Here's the final code for TPK algorithm. It compiles under Clang 13.0.1 on my x86_64-unknown-linux-gnu 😵 (the exact command is clang tpk.c -trigraphs -lm.)

%:include <math.h>;
??=include <stdio.h>;
double
f(t)
double t;
??< return
    sqrt (fabs (t))
    + 5
    * pow (t
           , 3); %>
void
read_nums(a, i)
double *a;
int i;
<% if (i == 11)
    <% return; %>
    else
    ??< scanf ("%lf"
               , &i<:a??));
        read_nums (a
                   , ++i);%> %>
void
print_nums(a, i)
double *a;
int i;
<% double y;
     (i < 0)
     ? 0
     : (y = f (i??(a:>)
        , (y > 400
           ? printf ("%d TOO LARGE\n"
                     , i)
           : printf ("%d %.16g\n"
                     , i, y))
        , print_nums (a
                      , --i)); ??>
void tpk ()
??< double a<:11:> = ??<0??>
           , y;
    read_nums (a
               , 0);
    print_nums (a
                , 10);
    /* Absolutely unnecessary, but irritating. */
    return; %>
int main ()
<% tpk();
    return 0; ??>
Final code with all the ugly gotchas above applied

If you want some job security as a C or C++ programmer, you might use some of the things discussed above. But in any other scenario: you don't want to write code this way! Be kind to each other, even when y'all write chthonic C code.

Update: some commenters on Reddit mentioned IOCCC as an additional inspiration and further research direction. This post is by no means exhaustive, and you will likely find much more gory details if you explore IOCCC.

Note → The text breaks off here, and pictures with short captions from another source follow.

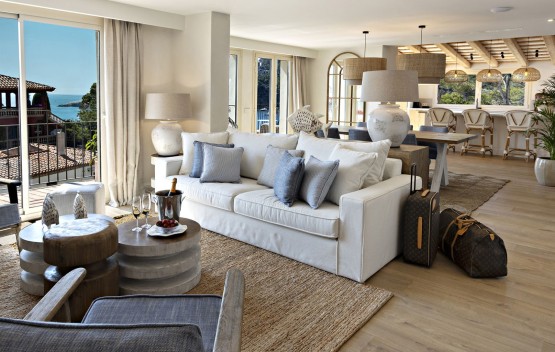 Deluxe Sea View Villas 3 bedrooms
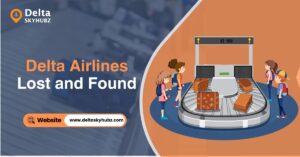 Delta Airlines Lost and Found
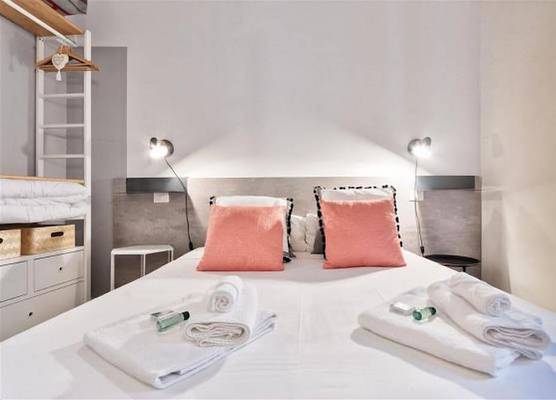 Torino S. Ottavio Chic Style Flat 1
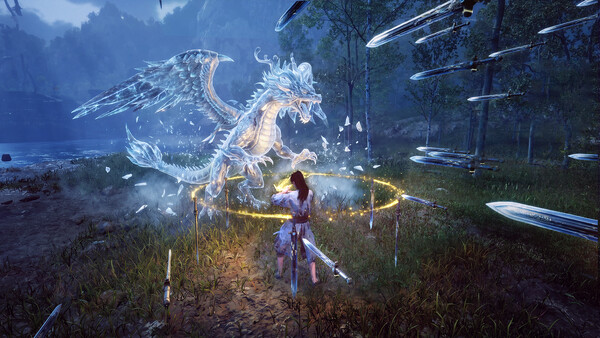 Sanctum:Whispers of Qingcheng — 2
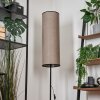 Pomancillo Staande lamp Zwart, 1-licht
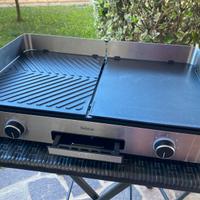 barbecue elettrico da tavolo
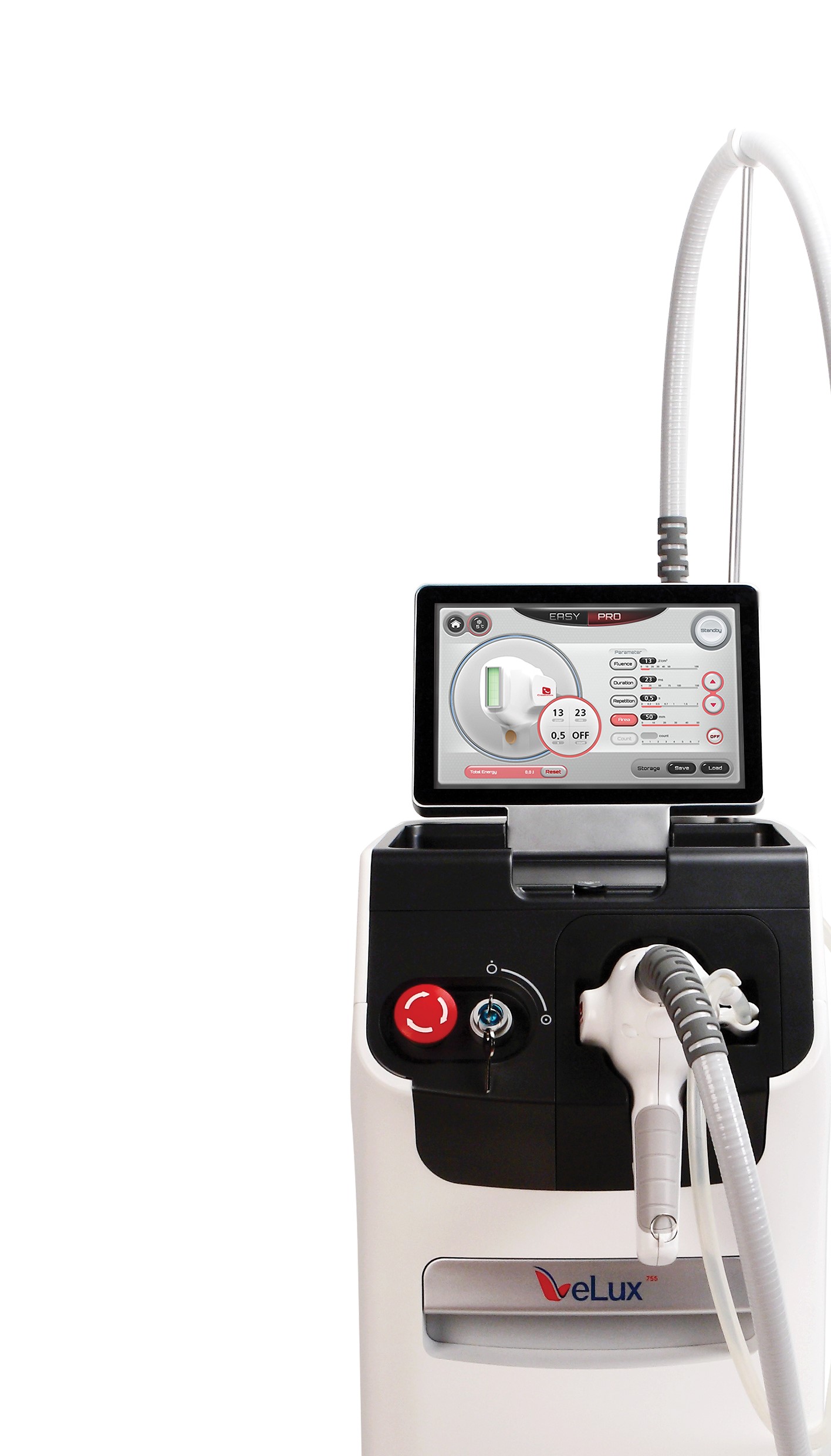 Lasery dermatologiczne Classys Velux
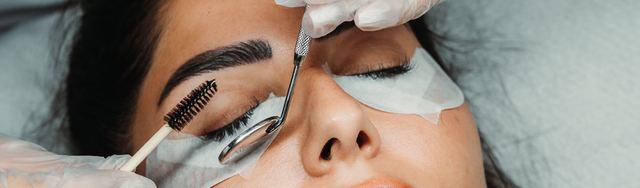Eyelash extensions
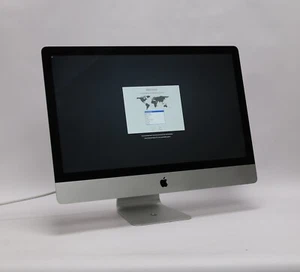 27-inch Apple iMac 3.5GHz i7 32GB RAM 3TB HDD A1419 Late 2013 25364 - Afbeelding 1 van 12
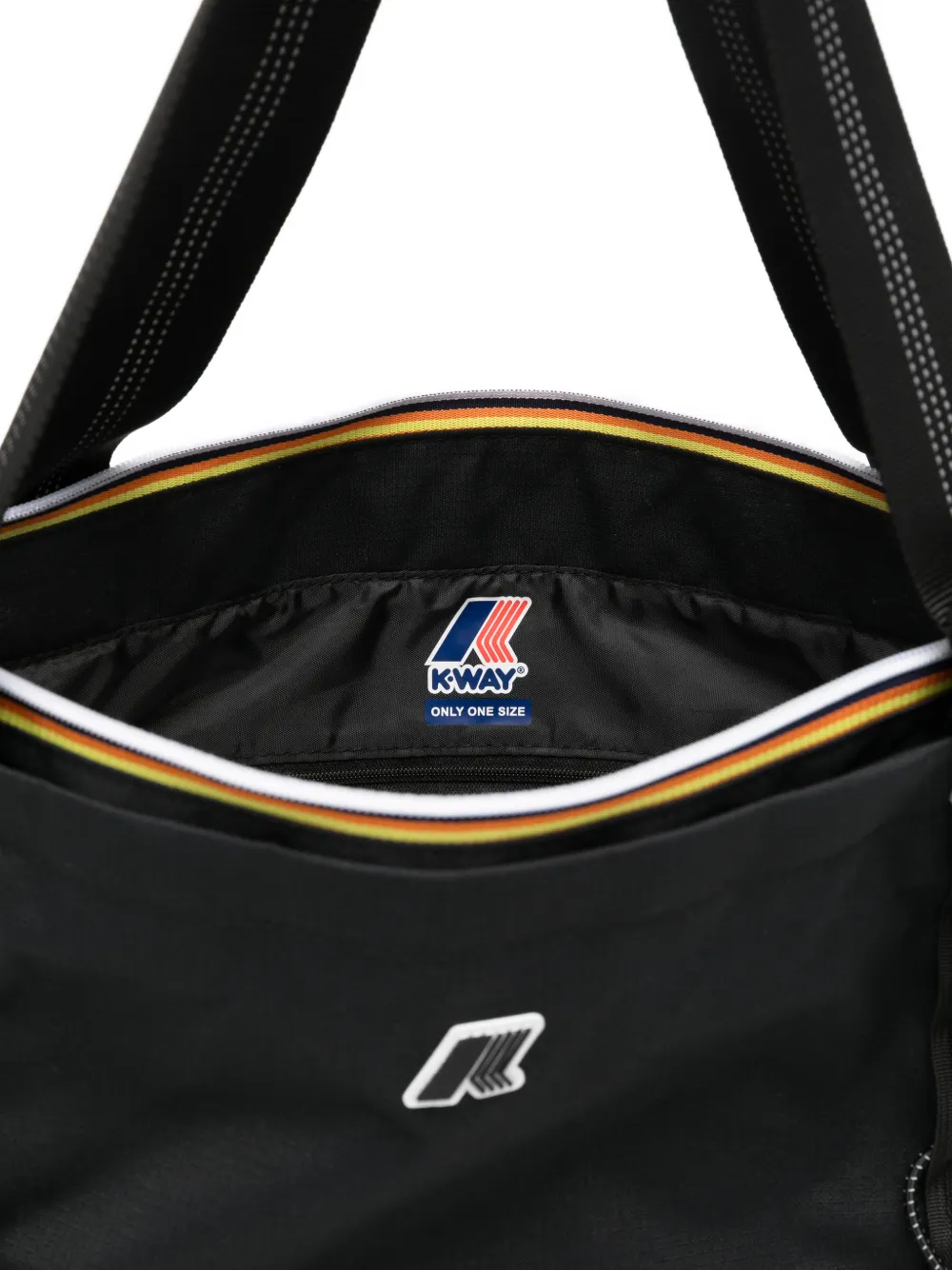 K-Way Brocely shopper Zwart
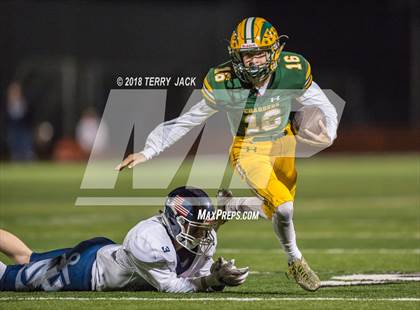 Thumbnail 2 in Newport Harbor vs. Edison photogallery.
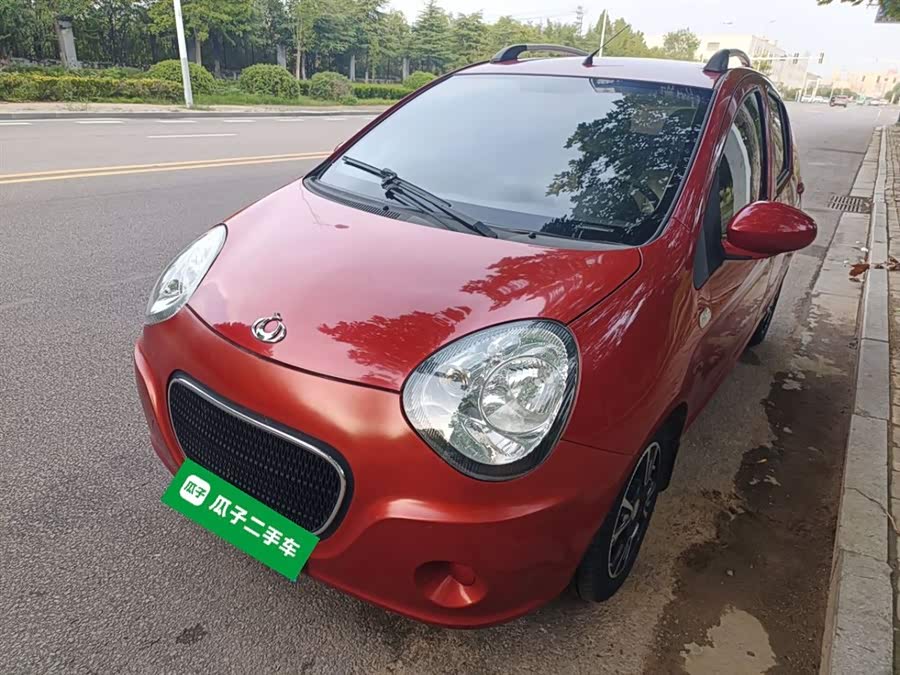 GEELY Panda Classic 2016 #3 GEELY Panda Classic 2016 imagem de carro #3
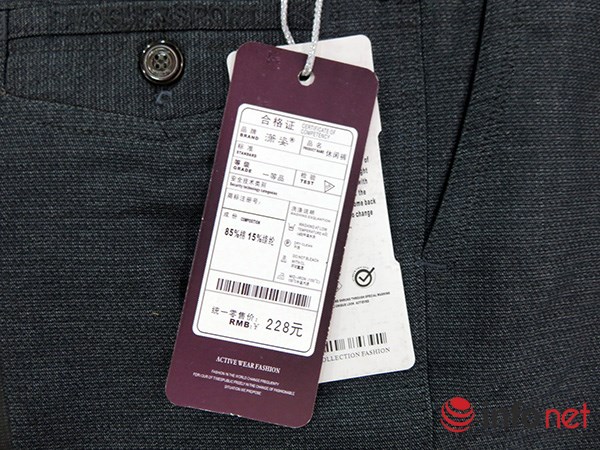 Đà Nẵng: Hàng Trung Quốc lại chui vào hội chợ hàng Việt! - 8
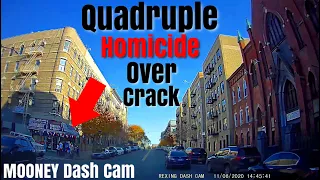 The Wild Cowboys: Ruthless Nyc Crack Dealers | The South Bronx / Washington Heights Ny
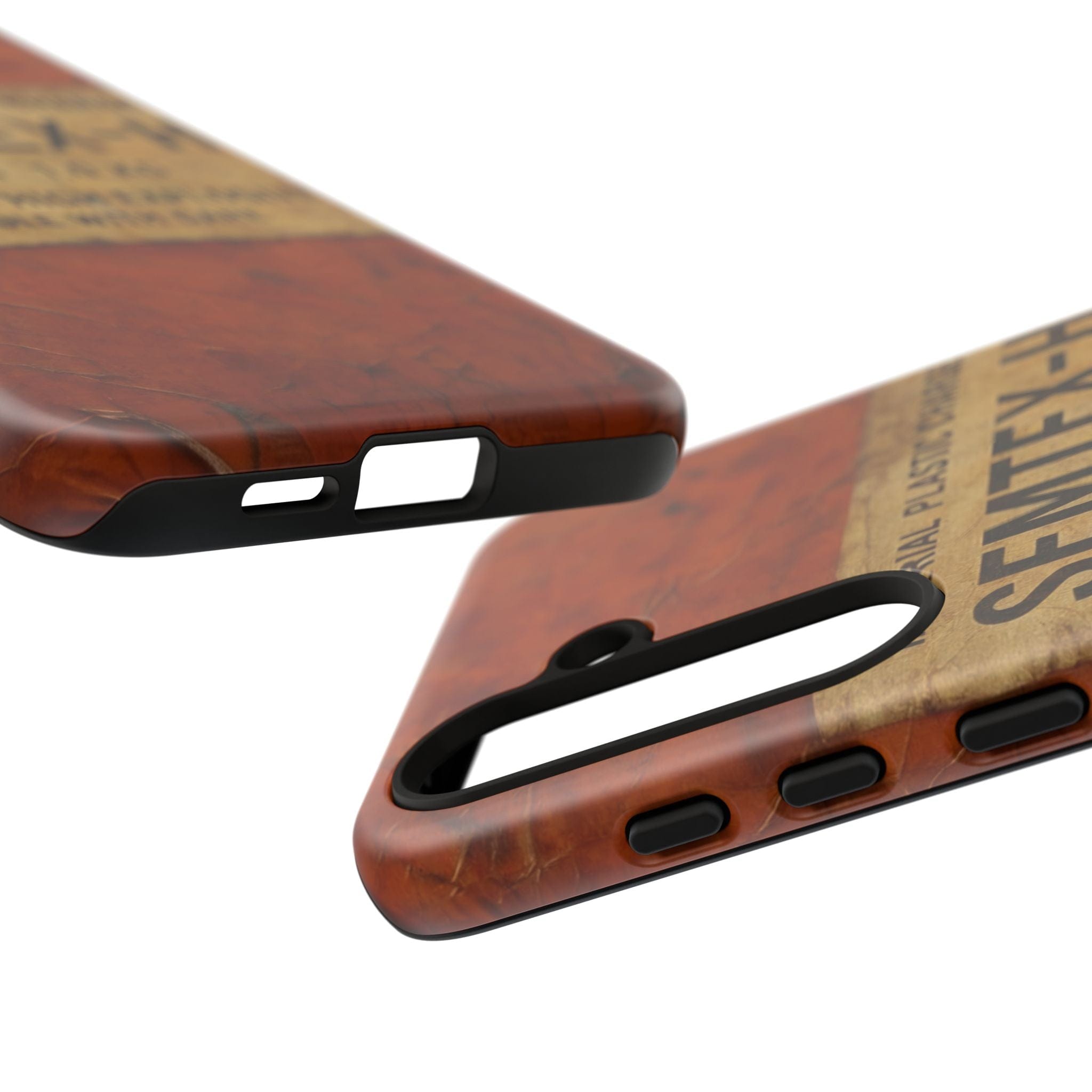 Semtex Tough Android Case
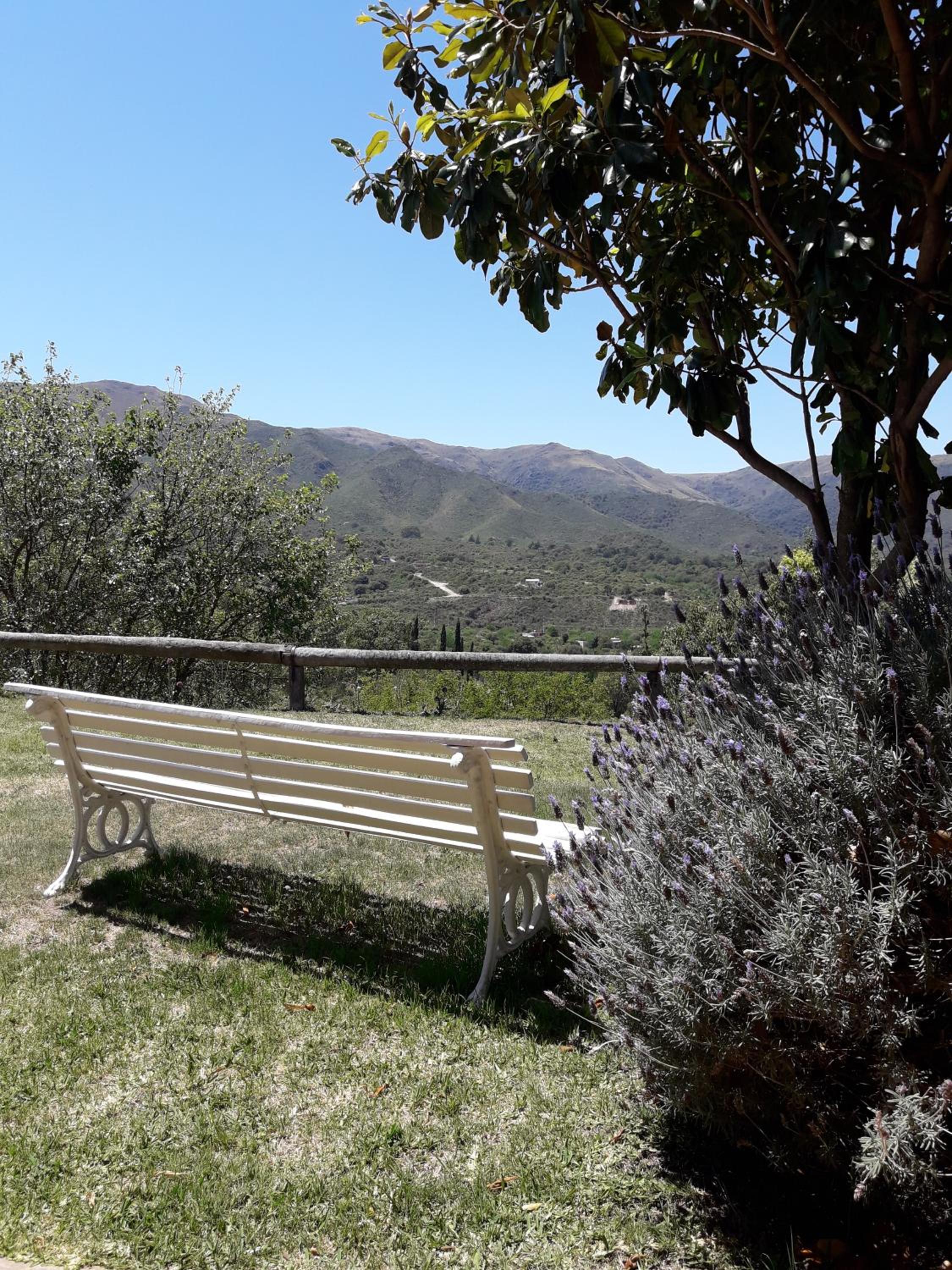 Huerta Grande Cabañas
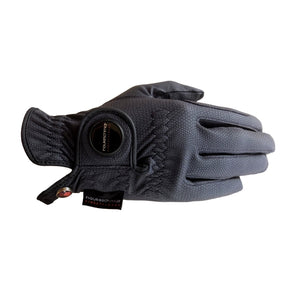 Hauke Schmidt Touch of Class Synthetic Riding Glove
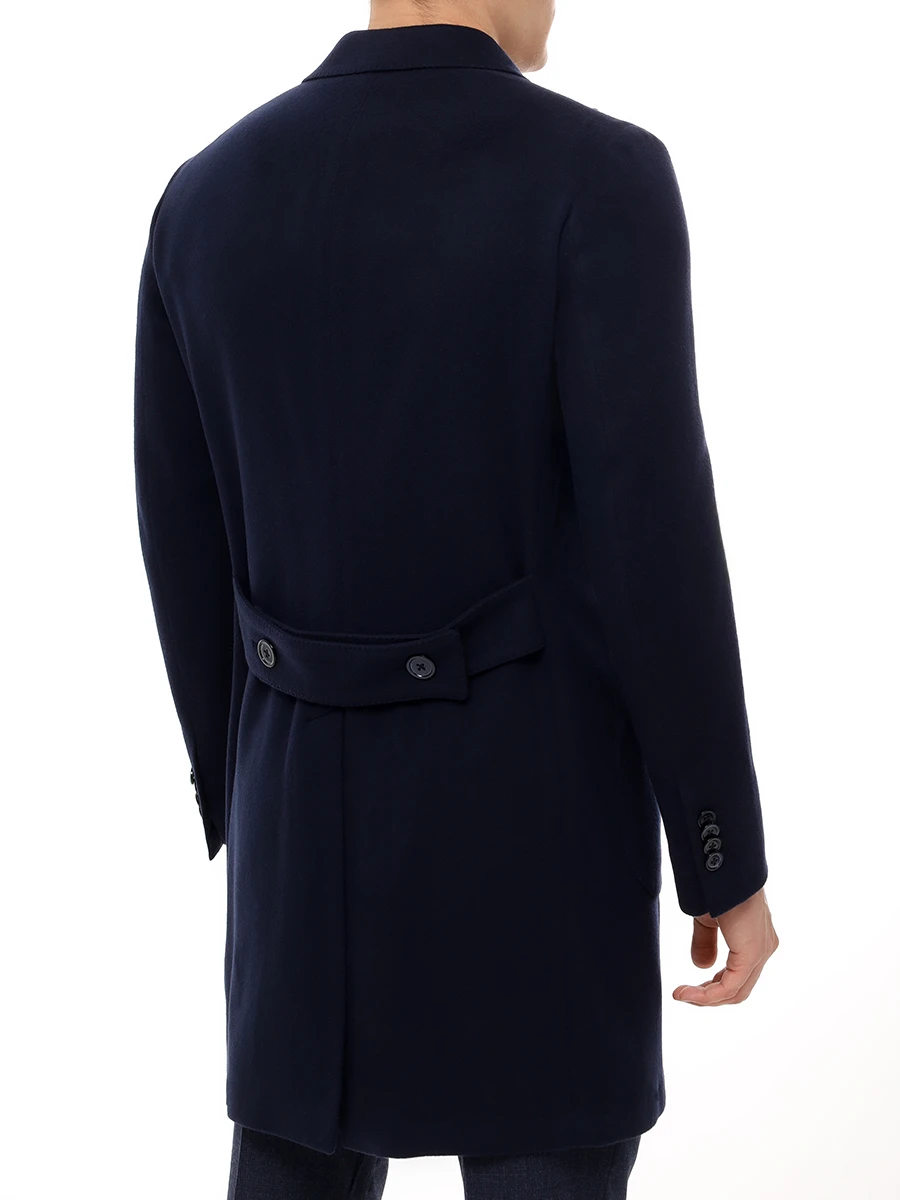 Пальто шерстяное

Another update: u/insanelygreat shared an absolutely horrendous piece of code and set of macros that turn C into something BASIC. Here's a small piece of code from their comment you should read in full:

/* check for meta chars */
BEGIN
   REG BOOL slash; slash=0;
   WHILE !fngchar(*cs)
   DO IF *cs++==0
        THEN IF rflg ANDF slash THEN break; ELSE return(0) FI
        ELIF *cs=='/'
        THEN slash++;
        FI
   OD
END
Heavily macro-infused piece of C code that looks like shouting in Ada (citing u/insanelygreat)